September 6, 2010

The Name Of The Road

Damn, I mean I have comrades younger than Freedom Road, which is celebrating its 25th anniversary this fall. A useful short history of the group recently posted at the FRSO/OSCL website decided me to flesh out a few details about the fateful weekend the group was founded at the end of a grueling three year merger process.

With most of details nailed down, a unity statement drafted and ready for debate, and an ad-hoc leadership structure in place, another problem, pushed aside for more pressing issues, suddenly loomed very large as the founding meeting opened. What would the new group be called?

This was of considerable importance to folks who had spent close to a decade in either the Revolutionary Workers Headquarters or the Proletarian Unity League. There was complete unity that both names were clunky and awful.

No suggestion had been advanced which won much support.
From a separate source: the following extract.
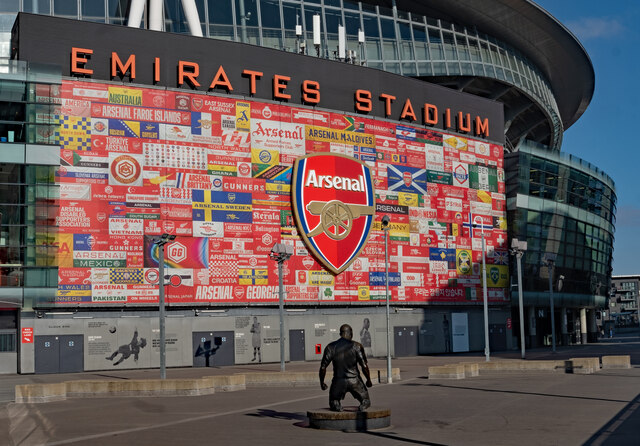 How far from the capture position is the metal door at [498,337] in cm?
7500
A carrot and stick solution was advanced by some joker:

1. Whoever put forward the name finally chosen wouldn't have to pay dues for the first year.
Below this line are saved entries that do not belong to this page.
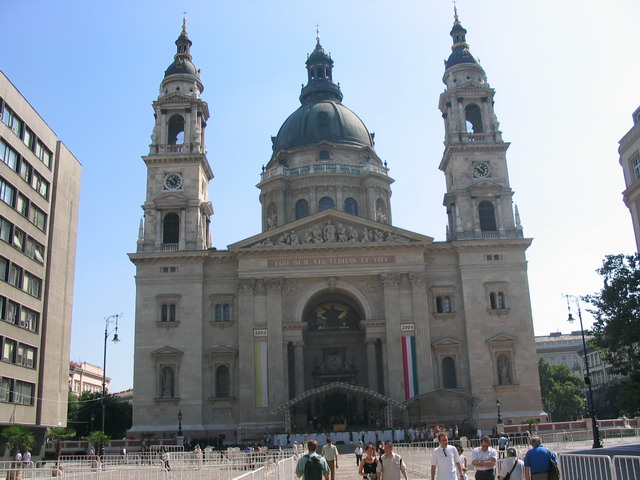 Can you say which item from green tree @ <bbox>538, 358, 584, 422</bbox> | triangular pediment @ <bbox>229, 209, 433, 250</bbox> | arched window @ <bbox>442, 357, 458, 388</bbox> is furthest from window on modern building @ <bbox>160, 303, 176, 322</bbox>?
green tree @ <bbox>538, 358, 584, 422</bbox>

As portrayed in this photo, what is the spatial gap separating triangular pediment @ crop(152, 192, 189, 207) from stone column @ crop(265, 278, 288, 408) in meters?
9.82

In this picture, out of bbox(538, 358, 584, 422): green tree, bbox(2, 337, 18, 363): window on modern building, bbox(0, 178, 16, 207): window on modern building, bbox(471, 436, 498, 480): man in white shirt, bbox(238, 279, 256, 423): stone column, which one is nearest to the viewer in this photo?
bbox(471, 436, 498, 480): man in white shirt

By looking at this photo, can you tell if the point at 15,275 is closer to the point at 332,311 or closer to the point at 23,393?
the point at 23,393

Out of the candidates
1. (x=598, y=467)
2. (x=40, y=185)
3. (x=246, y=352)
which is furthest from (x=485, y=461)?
(x=246, y=352)

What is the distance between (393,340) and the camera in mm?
52344

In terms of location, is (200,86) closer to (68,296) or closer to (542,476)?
(68,296)

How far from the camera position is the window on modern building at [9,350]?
38.0 meters

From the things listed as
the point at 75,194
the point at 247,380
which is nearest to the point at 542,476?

2. If no name won a majority, the new group would be dubbed the Unified Proletarian Headquarters and everybody would have to wear BIG buttons bearing that name.

That did the trick. A heartfelt sigh of relief filled the room as we voted to become the Freedom Road Socialist Organization.

There were several reasons for this. First, it said that we weren't a party, though we came out of a movement where declaring one's outfit the Vanguard Party of the American Working Class was almost obligatory (Two, Three, Many Parties Of A New Type, as the PUL had jibed.). And when asked why not, we could talk about the idea that a real revolutionary party in the US could only be built by uniting a broad range of forces, based on common work in the struggle.

Second, exactly because it wasn't the standard issue organization name recombining terms from 1920s Comintern documents, it declared that we were trying to bring something new, something different, into being.

Finally, by dipping into history to borrow another name for what we know today as the Underground Railroad, it put the struggle of the Black Nation, and by implication all oppressed nationalities, at the center of our politics.